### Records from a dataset
[Start of Attachment]

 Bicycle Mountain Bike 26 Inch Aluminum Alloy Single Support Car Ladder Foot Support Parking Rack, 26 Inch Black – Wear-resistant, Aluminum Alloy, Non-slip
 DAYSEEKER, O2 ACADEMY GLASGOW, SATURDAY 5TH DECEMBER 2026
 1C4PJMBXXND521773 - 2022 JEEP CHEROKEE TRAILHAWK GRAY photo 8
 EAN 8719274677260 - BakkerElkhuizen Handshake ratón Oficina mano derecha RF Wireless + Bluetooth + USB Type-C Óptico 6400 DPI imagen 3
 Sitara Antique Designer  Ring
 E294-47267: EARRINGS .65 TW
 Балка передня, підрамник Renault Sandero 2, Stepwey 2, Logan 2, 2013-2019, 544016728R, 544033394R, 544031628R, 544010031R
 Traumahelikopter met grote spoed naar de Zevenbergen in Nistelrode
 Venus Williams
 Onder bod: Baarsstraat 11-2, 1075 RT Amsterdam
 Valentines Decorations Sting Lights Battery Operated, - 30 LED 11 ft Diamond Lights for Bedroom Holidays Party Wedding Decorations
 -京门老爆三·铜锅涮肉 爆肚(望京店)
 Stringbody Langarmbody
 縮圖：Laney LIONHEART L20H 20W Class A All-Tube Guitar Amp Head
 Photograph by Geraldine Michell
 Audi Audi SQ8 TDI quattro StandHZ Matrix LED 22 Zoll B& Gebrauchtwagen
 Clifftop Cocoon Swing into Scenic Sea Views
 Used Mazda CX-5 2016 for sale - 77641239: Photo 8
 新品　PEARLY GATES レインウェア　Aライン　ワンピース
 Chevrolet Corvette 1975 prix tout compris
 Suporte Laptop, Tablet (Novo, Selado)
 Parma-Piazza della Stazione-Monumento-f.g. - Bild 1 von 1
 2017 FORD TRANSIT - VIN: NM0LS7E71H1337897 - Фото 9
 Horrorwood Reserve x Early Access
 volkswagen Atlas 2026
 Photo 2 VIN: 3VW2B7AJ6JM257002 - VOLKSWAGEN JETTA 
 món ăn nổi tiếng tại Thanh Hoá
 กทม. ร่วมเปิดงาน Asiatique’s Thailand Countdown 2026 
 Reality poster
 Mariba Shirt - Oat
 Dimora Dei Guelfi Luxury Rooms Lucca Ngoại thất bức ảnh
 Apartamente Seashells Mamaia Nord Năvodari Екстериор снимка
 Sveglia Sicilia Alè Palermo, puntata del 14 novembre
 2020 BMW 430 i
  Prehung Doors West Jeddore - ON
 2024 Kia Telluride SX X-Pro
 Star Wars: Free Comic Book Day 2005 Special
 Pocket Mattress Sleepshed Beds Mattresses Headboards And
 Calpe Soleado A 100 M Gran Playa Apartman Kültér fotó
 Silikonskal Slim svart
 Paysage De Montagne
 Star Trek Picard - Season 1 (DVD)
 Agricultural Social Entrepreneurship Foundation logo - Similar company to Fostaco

[End of Attachment]

### Directions for this task
An exact copy of all the entries is the required answer.

### Expected output
 Bicycle Mountain Bike 26 Inch Aluminum Alloy Single Support Car Ladder Foot Support Parking Rack, 26 Inch Black – Wear-resistant, Aluminum Alloy, Non-slip
 DAYSEEKER, O2 ACADEMY GLASGOW, SATURDAY 5TH DECEMBER 2026
 1C4PJMBXXND521773 - 2022 JEEP CHEROKEE TRAILHAWK GRAY photo 8
 EAN 8719274677260 - BakkerElkhuizen Handshake ratón Oficina mano derecha RF Wireless + Bluetooth + USB Type-C Óptico 6400 DPI imagen 3
 Sitara Antique Designer  Ring
 E294-47267: EARRINGS .65 TW
 Балка передня, підрамник Renault Sandero 2, Stepwey 2, Logan 2, 2013-2019, 544016728R, 544033394R, 544031628R, 544010031R
 Traumahelikopter met grote spoed naar de Zevenbergen in Nistelrode
 Venus Williams
 Onder bod: Baarsstraat 11-2, 1075 RT Amsterdam
 Valentines Decorations Sting Lights Battery Operated, - 30 LED 11 ft Diamond Lights for Bedroom Holidays Party Wedding Decorations
 -京门老爆三·铜锅涮肉 爆肚(望京店)
 Stringbody Langarmbody
 縮圖：Laney LIONHEART L20H 20W Class A All-Tube Guitar Amp Head
 Photograph by Geraldine Michell
 Audi Audi SQ8 TDI quattro StandHZ Matrix LED 22 Zoll B& Gebrauchtwagen
 Clifftop Cocoon Swing into Scenic Sea Views
 Used Mazda CX-5 2016 for sale - 77641239: Photo 8
 新品　PEARLY GATES レインウェア　Aライン　ワンピース
 Chevrolet Corvette 1975 prix tout compris
 Suporte Laptop, Tablet (Novo, Selado)
 Parma-Piazza della Stazione-Monumento-f.g. - Bild 1 von 1
 2017 FORD TRANSIT - VIN: NM0LS7E71H1337897 - Фото 9
 Horrorwood Reserve x Early Access
 volkswagen Atlas 2026
 Photo 2 VIN: 3VW2B7AJ6JM257002 - VOLKSWAGEN JETTA 
 món ăn nổi tiếng tại Thanh Hoá
 กทม. ร่วมเปิดงาน Asiatique’s Thailand Countdown 2026 
 Reality poster
 Mariba Shirt - Oat
 Dimora Dei Guelfi Luxury Rooms Lucca Ngoại thất bức ảnh
 Apartamente Seashells Mamaia Nord Năvodari Екстериор снимка
 Sveglia Sicilia Alè Palermo, puntata del 14 novembre
 2020 BMW 430 i
  Prehung Doors West Jeddore - ON
 2024 Kia Telluride SX X-Pro
 Star Wars: Free Comic Book Day 2005 Special
 Pocket Mattress Sleepshed Beds Mattresses Headboards And
 Calpe Soleado A 100 M Gran Playa Apartman Kültér fotó
 Silikonskal Slim svart
 Paysage De Montagne
 Star Trek Picard - Season 1 (DVD)
 Agricultural Social Entrepreneurship Foundation logo - Similar company to Fostaco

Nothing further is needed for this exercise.